In NEPA (Northeast Pennsylvania), we had a few things going for this study. Average income is not bad. If you live here, you will hear many complaints about our income. It has been difficult to attract large companies from out of town to come here and stay. However, we have been able to make it happen with companies like Bank of America and Prudential. These companies love our strong work ethic.

From my own observations, I would say that, as in any area, there are sectors of the poor and sectors of the rich. I think our wealthy segments of the area are abundant. Areas like Clarks Summit and Dallas are full of big houses and big purses. There is a segment of the poor, but I don’t think they are as abundant as in other areas. I guess I’m trying to say that our highs are very high, but our lows are not very low. That allows us to maintain a relatively comfortable median income.
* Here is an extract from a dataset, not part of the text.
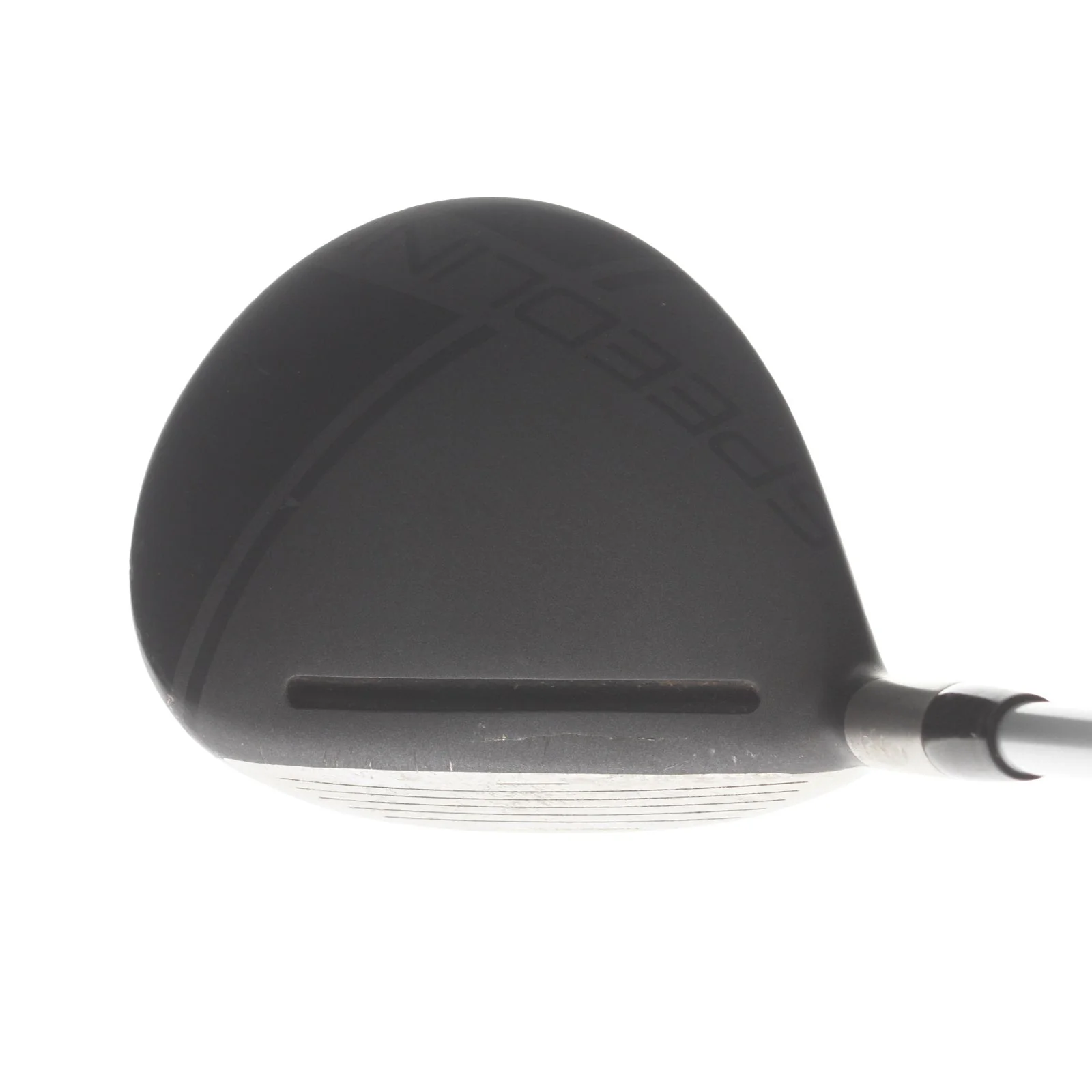 Adams Speedline Super S Graphite Mens Right Hand Fairway 3 Wood 15* Regular - Adams Golf - Image 2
At the same time, our property values ​​and sales prices are not as high as those in our neighboring states and regions. For many years, New York and New Jersey property values ​​skyrocketed much faster than income. They used creative financing like Option ARM to get a mortgage payment they could afford. Now values ​​are crashing because those loans are no longer available to help stretch buyers’ dollars.

Here in NEPA, the values ​​never took that initial increase. Scranton / Wilkes Barre was seen as an economically depressed area. The jobs weren’t here to allow for high home values ​​and prices. We just couldn’t afford them and Option ARM sellers were busy making loans in high-value areas where they could see substantial profits. Now things have changed and this looks like a great area to be. Since house prices never had that sharp rise as in other areas, we don’t have a “bubble” to burst. Housing costs continue to be in line with local income.
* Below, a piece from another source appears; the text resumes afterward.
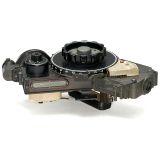 陀螺六分仪KS-3D    1945年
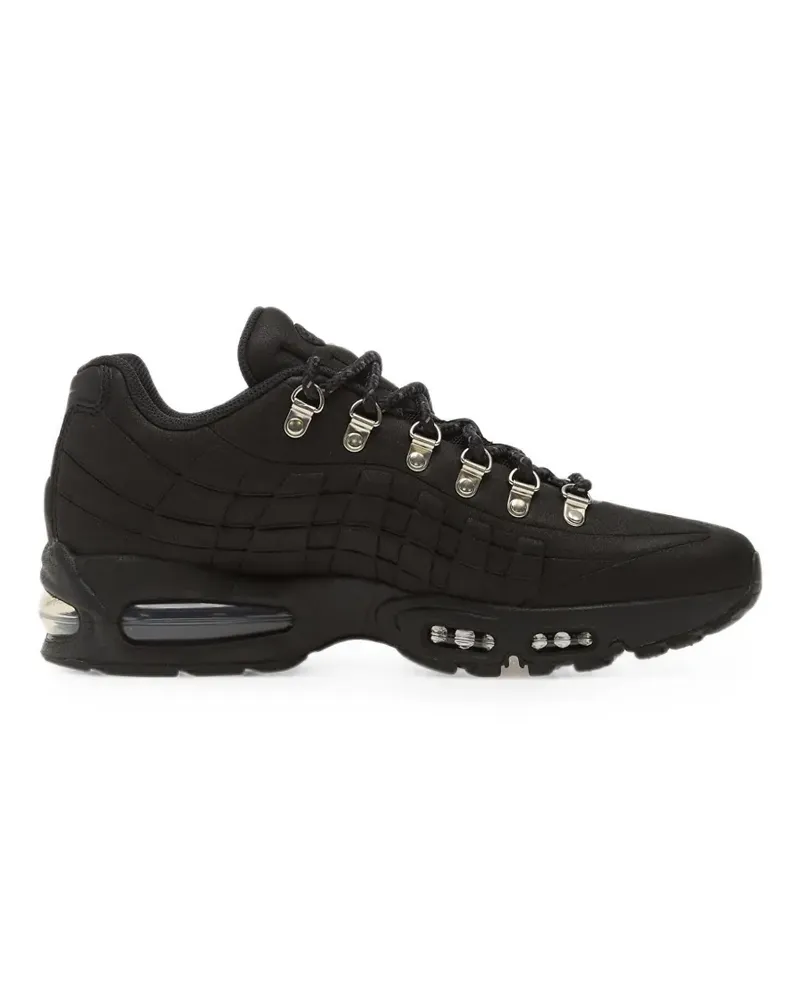 Nike Air Max 95 sneakers - Schwarz Schwarz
This presents great opportunities for real estate buyers. There are families migrating from NJ / NY and even from southeast PA. They are discovering that they can buy a home similar to yours in NEPA at a fraction of the cost they are used to.

The other interested party has been real estate investors. They buy houses in foreclosure or otherwise for a pocket change compared to what they are used to paying. They can afford to make major improvements to the property. They use local property managers to place qualified people in these rental units. They use local investment property mortgage brokers [http://www.nepamortgagetips.com] who know the area and have access to more creative financing. Investors will continue to rent until an exit strategy is presented.

Investors are happy because they are buying properties “cheaply”, but they are also happy for another reason. Your rental pool is perfect! Many, if not most, people in this rental group can no longer qualify for a mortgage as all lenders tightened their guidelines. These people must rent rather than have the option to buy. We have talked about average income. Investors are finding that their rental applicants have sufficient income to pay the rents. This translates into an increase in market rents.

It’s a double whammy for these investors who have been lucky enough to find our little section of the world. It presents an ideal money-making opportunity for people who want to use residential and commercial real estate investments to build their wealth. It also presents an excellent opportunity for a family who would like to live in an area where they do not worry about having an unbearable mortgage payment. They can feel free to let their tastes and values ​​determine what type of home they live in. They no longer have to be slaves to their income and settle for a small house to pay for it.